This page discusses best practices to build and contribute Superalgos tutorials. It doesn't cover the actual mechanics of building tutorials. Instead, it focuses on what is desirable.
Foundations->Concept->Reusable Documenting Snippets->The Quest for Quality
The Quest for Quality
At Superalgos, we take pride in the quality of the product we are building. Documentation and tutorials are crucial parts of Superalgos.
That said, we understand that it takes time and effort to get to a quality product, thus iterating on early prototypes and implementing early-stage feedback is a good way to achieve the desired quality standards.
The Associated Workspace
To deliver the best possible experience, a tutorial must be featured in a specific Workspace, and the workspace must be custom-tailored to serve the tutorial. The workspace must be clean and feature the assets required for the learning experience to be optimal. It is best to keep the workspace clean, light, and stripped of unnecessary resources.
Use the USDT/BTC Market in Binance.com
If your tutorial deals with data, it is best to use the same exchange, market, and date ranges already in use in the Getting Started Native Workspace tutorials. This way, users will already have the data and can go through the tutorial easier.
Tutorial Series & Planning
Some topics are broad, have ramifications, or require a nuanced analysis to be covered thoroughly. In such cases, planning for a series of tutorials is ideal.
Take, for example, the series of tutorials in the Trading System Design Tutorials Native Workspace:
  • The first tutorial in the series gives a broad introduction to the topic, mostly in conceptual terms. This allows users to see the big picture and learn how the concepts are structured and why they are structured the way they are.
  • The second tutorial in the series proposes an exercise that takes several more tutorials to develop and implement. That is, the tutorial sets the basis for what the series will cover.
  • The remaining tutorials in the series dissect the exercise proposed earlier and cover with a fine level of detail the implementation. At the same time, they cover all the context and many lateral topics.
The Target Audience
People are different. We all have slightly different wirings in our heads, and we all learn differently. In that sense, building tutorials is a bit of a challenge. Some people like tutorials that go straight to the point and show them how to solve a very specific issue. Others prefer tutorials that get to the bone, explain every detail, and properly cover the context.
At this early stage, we can't afford to duplicate efforts and build different tutorials for different kinds of learners. We have to choose the method that best serves the project.
Such tutorials may be slightly annoying to fast-learners, or to people that just want a specific question answered. But such needs are already covered by the searchable knowledge base comprised in the Docs.
Communication Resources
Let's get into some of the specifics on building tutorials for Superalgos!
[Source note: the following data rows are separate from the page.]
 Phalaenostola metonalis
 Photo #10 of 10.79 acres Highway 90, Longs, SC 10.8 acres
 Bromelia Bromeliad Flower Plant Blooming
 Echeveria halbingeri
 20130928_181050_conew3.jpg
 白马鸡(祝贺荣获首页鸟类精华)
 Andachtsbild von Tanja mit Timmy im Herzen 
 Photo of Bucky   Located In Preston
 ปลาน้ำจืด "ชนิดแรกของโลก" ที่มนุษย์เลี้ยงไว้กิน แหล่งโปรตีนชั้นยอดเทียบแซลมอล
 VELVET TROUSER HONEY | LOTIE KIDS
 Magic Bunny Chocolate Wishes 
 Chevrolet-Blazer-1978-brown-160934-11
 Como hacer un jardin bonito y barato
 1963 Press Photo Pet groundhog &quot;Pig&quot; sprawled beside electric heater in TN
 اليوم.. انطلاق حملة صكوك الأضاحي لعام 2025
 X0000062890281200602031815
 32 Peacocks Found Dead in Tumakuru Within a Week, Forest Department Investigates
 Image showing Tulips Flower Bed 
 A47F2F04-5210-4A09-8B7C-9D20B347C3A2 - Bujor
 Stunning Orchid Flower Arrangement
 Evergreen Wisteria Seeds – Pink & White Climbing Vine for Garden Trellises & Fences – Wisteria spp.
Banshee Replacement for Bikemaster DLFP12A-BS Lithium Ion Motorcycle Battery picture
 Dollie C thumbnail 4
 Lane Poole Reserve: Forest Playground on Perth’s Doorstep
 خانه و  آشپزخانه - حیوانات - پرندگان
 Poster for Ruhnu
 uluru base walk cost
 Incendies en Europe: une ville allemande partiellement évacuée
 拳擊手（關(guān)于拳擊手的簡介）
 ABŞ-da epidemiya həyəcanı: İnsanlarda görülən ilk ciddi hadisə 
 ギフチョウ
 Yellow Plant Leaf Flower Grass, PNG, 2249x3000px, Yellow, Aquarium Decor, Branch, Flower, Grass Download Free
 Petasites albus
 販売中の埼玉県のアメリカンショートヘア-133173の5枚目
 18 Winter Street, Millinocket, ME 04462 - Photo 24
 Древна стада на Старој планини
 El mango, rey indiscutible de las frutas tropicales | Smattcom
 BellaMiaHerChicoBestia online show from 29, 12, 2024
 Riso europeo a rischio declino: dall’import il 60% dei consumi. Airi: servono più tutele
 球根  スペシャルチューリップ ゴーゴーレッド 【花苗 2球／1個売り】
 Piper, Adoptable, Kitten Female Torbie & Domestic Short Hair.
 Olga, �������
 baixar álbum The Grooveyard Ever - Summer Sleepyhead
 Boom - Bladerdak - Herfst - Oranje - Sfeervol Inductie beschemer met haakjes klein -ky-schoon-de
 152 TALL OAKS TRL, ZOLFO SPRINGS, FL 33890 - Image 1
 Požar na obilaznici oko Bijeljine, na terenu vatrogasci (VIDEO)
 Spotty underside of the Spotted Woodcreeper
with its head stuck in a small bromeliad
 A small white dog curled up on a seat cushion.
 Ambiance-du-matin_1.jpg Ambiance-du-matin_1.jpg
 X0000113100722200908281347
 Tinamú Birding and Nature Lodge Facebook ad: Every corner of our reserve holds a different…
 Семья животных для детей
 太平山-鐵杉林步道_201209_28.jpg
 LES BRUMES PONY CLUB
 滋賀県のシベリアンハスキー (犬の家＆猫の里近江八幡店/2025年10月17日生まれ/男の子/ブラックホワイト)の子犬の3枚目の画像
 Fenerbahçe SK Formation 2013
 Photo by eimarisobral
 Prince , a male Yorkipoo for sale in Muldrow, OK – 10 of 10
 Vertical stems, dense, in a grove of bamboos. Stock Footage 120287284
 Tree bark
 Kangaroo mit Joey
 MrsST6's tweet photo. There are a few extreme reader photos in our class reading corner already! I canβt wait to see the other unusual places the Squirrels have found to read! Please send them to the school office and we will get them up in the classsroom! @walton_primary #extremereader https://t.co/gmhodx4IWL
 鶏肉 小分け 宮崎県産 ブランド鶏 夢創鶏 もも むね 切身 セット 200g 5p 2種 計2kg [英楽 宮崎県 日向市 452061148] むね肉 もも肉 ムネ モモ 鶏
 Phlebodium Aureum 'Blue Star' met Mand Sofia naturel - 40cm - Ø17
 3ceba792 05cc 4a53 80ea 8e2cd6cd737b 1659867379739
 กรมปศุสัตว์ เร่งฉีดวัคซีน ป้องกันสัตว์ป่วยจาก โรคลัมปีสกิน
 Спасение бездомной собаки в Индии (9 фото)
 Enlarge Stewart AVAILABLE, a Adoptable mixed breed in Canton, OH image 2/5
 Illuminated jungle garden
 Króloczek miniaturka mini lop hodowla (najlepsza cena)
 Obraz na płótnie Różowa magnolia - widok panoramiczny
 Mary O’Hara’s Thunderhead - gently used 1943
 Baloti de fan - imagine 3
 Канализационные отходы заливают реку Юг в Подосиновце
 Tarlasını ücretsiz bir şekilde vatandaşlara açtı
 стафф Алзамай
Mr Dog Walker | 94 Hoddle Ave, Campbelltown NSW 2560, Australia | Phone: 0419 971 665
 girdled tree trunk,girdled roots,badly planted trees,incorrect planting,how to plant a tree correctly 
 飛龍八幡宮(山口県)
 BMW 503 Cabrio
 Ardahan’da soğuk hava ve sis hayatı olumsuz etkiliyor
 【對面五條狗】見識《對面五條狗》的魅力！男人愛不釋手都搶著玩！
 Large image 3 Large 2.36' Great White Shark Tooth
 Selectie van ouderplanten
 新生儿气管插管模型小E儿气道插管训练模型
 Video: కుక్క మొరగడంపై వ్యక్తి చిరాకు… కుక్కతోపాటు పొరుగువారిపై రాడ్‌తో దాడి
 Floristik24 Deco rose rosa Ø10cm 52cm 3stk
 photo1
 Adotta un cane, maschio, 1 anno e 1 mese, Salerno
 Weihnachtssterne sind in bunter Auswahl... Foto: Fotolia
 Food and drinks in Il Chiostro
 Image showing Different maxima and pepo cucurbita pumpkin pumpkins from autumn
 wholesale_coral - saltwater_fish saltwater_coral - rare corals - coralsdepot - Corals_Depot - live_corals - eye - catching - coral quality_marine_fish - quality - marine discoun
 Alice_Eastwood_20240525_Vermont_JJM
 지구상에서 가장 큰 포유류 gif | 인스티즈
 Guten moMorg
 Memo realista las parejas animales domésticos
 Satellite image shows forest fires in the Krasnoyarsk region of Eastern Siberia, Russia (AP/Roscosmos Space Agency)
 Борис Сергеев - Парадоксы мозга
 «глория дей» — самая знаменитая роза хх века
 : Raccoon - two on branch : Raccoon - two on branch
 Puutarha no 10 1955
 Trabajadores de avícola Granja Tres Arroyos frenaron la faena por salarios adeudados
Superalgos tutorials have evolved through several months worth of feedback from early adopters. We feel we have found a sweet spot, and have started to develop a style in the way we use the space available in each tutorial step. The following are some notes that will help you build tutorials that match the format of existing tutorials.
Foundations->Concept->Reusable Documenting Snippets->Use Precise Language
Use Precise Language
The ultimate goal of documentation and tutorials is to provide users with a hands-on learning experience covering topics in detail. In general terms, we know the material is good — or has reached a mature state — when users ask no questions about it in the Support Group.
Be precise and unequivocal with language. Read your writing over and over in search of phrases that may not be easily understood, or that may be interpreted in different ways. Improve the sentences to make them as clear as possible. Remember, the less clear your writing is, the more questions we have in the Support Group.
Consistent Use of Space and Styles
Use the different sections on the page and the different paragraph styles for consistent purposes. This helps users get accustomed to a certain format so that they know what to expect from each section of the page. Consistency in the way the information is delivered makes tutorials more usable!
The Definition Box
The definition box is the space to the right of the icon, below the title. Use this space to introduce what the step is about, that is, to set up the story the step will tell, or to provide some basic context.
The Call For Action
The most important section on any given step is the call for action, that is, the instruction that the user must follow to progress in the tutorial. Many times users redo tutorials or go back a few steps just to make sure they did everything right.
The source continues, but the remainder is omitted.